[<prev] [next>] [<thread-prev] [thread-next>] [day] [month] [year] [list]
Message-ID: <20160310180331.GB15940@gmail.com>
Date: Thu, 10 Mar 2016 19:03:31 +0100
From: Ingo Molnar <mingo@...nel.org>
To: Rich Felker <dalias@...c.org>
Cc: Linus Torvalds <torvalds@...ux-foundation.org>,
Andy Lutomirski <luto@...nel.org>,
the arch/x86 maintainers <x86@...nel.org>,
Linux Kernel Mailing List <linux-kernel@...r.kernel.org>,
Borislav Petkov <bp@...en8.de>,
"musl@...ts.openwall.com" <musl@...ts.openwall.com>,
Andrew Morton <akpm@...ux-foundation.org>,
Thomas Gleixner <tglx@...utronix.de>,
Peter Zijlstra <a.p.zijlstra@...llo.nl>
Subject: Re: [musl] Re: [RFC PATCH] x86/vdso/32: Add AT_SYSINFO cancellation
helpers
* Rich Felker <dalias@...c.org> wrote:
> > So instead of a sticky cancellation flag, we could introduce a sticky
> > cancellation signal.
> >
> > A 'sticky signal' is not cleared from signal_pending() when the signal handler
> > executes, but it's automatically blocked so no signal handler recursion
> > occurs. (A sticky signal could still be cleared via a separate mechanism, by
> > the cancellation cleanup code.)
> >
> > Such a 'sticky cancellation signal' would, in the racy situation, cause new
> > blocking system calls to immediately return with -EINTR. Non-blocking syscalls
> > could still be used. (So the cancellation signal handler itself would still
> > have access to various fundamental system calls.)
> >
> > I think this would avoid messy coupling between the kernel's increasingly more
> > varied system call entry code and C libraries.
> >
> > Sticky signals could be requested via a new SA_ flag.
> >
> > What do you think?
>
> This still doesn't address the issue that the code making the syscall needs to
> be able to control whether it's cancellable or not.

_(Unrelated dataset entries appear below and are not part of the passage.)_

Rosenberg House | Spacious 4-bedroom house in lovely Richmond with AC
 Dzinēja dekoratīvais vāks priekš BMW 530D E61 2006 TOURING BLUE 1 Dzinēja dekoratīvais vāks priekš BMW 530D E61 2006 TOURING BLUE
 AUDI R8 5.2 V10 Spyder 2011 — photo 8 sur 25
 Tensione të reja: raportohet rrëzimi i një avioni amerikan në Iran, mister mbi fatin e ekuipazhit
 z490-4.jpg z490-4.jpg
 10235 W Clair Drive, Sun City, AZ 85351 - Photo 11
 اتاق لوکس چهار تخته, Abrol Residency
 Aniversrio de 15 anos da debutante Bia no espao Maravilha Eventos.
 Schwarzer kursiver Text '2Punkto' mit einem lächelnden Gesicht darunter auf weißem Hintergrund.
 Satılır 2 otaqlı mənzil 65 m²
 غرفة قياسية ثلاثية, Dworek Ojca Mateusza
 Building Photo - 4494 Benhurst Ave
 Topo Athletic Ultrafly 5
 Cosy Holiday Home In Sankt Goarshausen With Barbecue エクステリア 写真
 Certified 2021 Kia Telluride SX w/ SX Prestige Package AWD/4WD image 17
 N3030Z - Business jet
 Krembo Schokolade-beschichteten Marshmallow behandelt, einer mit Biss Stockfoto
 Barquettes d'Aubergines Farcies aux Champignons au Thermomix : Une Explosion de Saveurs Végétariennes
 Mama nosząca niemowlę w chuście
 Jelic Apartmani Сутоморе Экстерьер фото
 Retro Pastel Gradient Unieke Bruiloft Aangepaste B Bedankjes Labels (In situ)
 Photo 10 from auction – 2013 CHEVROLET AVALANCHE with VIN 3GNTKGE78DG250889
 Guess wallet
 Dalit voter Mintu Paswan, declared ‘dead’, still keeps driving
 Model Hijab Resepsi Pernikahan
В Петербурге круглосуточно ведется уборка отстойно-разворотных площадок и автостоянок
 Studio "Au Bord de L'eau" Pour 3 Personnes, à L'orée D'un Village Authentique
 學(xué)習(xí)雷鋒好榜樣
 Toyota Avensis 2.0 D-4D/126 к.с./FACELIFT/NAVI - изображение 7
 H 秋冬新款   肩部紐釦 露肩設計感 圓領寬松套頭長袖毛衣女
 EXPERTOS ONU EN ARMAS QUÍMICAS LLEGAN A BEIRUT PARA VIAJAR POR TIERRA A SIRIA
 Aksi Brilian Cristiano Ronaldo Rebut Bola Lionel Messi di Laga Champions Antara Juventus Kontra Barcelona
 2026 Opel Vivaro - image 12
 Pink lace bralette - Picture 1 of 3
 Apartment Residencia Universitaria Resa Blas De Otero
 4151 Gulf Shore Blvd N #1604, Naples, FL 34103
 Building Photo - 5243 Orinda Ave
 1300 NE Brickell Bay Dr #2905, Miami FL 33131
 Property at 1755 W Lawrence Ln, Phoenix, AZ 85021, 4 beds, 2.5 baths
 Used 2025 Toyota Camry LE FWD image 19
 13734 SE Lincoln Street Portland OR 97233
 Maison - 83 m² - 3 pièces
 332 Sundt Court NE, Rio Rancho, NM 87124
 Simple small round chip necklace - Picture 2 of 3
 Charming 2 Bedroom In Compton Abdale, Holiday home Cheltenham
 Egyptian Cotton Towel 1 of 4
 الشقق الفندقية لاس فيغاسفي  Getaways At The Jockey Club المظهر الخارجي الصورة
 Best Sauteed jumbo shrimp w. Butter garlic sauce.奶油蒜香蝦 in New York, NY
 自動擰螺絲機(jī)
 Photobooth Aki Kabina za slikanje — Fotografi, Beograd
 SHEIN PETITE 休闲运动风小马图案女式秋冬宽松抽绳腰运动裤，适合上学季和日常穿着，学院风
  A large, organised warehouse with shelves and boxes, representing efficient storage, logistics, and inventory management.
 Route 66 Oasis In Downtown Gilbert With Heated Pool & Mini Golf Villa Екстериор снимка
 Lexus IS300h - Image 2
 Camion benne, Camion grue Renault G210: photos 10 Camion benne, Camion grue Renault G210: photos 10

Not only do some syscalls
> whose public functions are cancellation points need to be used internally in
> non-cancellable ways; there's also the pthread_setcancelstate interface that
> allows deferring cancellation so that it's possible to call functions which are
> cancellation points without invoking cancellation.
I don't think there's a problem - but I might be wrong:
One way I think it would work is the following: a sticky signal is not the
cancellation flag - it's a helper construct to implement the flag in user-space in
a race-free way.
Say you have RT signal-32 as the cancellation signal, and it's a sticky signal.
When pthread_cancel() wants to cancel another thread, it first (atomically) sets
the desired cancel state of the target thread. If that state signals that the
thread is cancellable right now, and that we initiated its cancellation, then we
send signal-32. I.e. the signal only ever gets sent if the thread is in a
cancellable state.
libc internal functions and the pthread_setcancelstate() API can temporarily
change the cancel state of a thread to non-cancellable - but pthread_cancel()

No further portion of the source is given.